Though I’ve mentioned my feelings about the violence instigated through language throughout the night, it actually didn’t occur to me what was taking place until a sexologist hit the stage halfway through the show. She focused on teaching women and men how to get and give the best possible orgasm and she claimed that many don’t get there because of the aggressive nature in which some approach the sexual event. She encouraged men to take their time with women instead of acting like attack dogs and encouraged all to acknowledge the sensitive and delicate nature of our sexual organs and told women to breathe. But it was the juxtaposition of hearing someone talk about how we should be more gentle and patient in sex while hearing coarse, abrasive language that made me realize the entire situation was troubling and mimicked a particular kind of violence.

So what is this violence? I believe that violence is not just in the realm of the physical, it can be verbal and mental. Thus when I speak of the violence at Sweet Spot, it was violence through speech and through making the sacred profane. Whether it was through using Scripture as a template to talk dirty or language that made sex seem like one long rough porn fantasy, I wasn’t convinced of any sexual liberation.

As a culture we’ve long struggled for and against sexual liberation for years. Those who have fought for it are the pioneers and offspring of the sexual revolution. Those against it have primarily been conservative Christians. I want to clarify that though I am Christian–I consider myself progressive–I am not opposed to sexual liberation. I am, however, opposed to sexual liberation that results in uncritical ways of being sexual. I believe in responsible freedom which still requires some limitations and reflection on what is expedient. As it pertains to sex and sexuality narratives, I’m interested in what repeated narratives do and how they form and/or inform us. So, in the case of my time at the Sweet Spot where I was assailed by coarse language–and flying condoms, I wondered what that language did to people. How that language might have been the reason that men attack women in the sexual act–I’m not talking about rape here but the aggressive way that some men descend upon women in the sexual event because they heard that is the way. I thought about what it means to be a black person whose sexuality has almost always been regarded as animalistic and aggressive and I wondered if words such as “dick” and “pussy” play into that or are they part of our culture’s way of expressing ourselves sexually. Are the words our own or did we get them from someone else who is still determining our sexual selves? Are there different ways of speaking about sex that don’t rely on an allusion to violence? (Think about the popularity of the phrase, “I’ll beat the pussy up” in urban music.)
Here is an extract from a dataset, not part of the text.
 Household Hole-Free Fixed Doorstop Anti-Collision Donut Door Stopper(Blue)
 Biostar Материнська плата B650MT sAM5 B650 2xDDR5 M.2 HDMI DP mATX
There are so many questions that came out of my Sweet Spot experience that made me wonder if the artists and audience were truly sexually liberated or sexually oppressed and just performing an idea of liberation. And of course the question of whether I’m the sexually oppressed or repressed person is up for discussion too. That is another reflection I’m taking up, but that is also much too predictable a conclusion to draw at this point. It’s too easy to say that the person who walks away from an event such as the Sweet Spot feeling anything but aroused and liberated is sexually repressed. It doesn’t leave room for a critique that could be useful to all parties involved. This is not to disregard pop erotica as a genre, but it is to stretch our understandings of the genre’s form and function in our communities, psyches, and selves.

PS: Lest anyone read this and think I had a completely bad experience I did enjoy myself during the break between acts when they played a lot of ratchet Top 40 music and, like I mentioned earlier, the burlesque performer and her awesome back tattoo was great too. Maybe my next excursion should be to a burlesque show.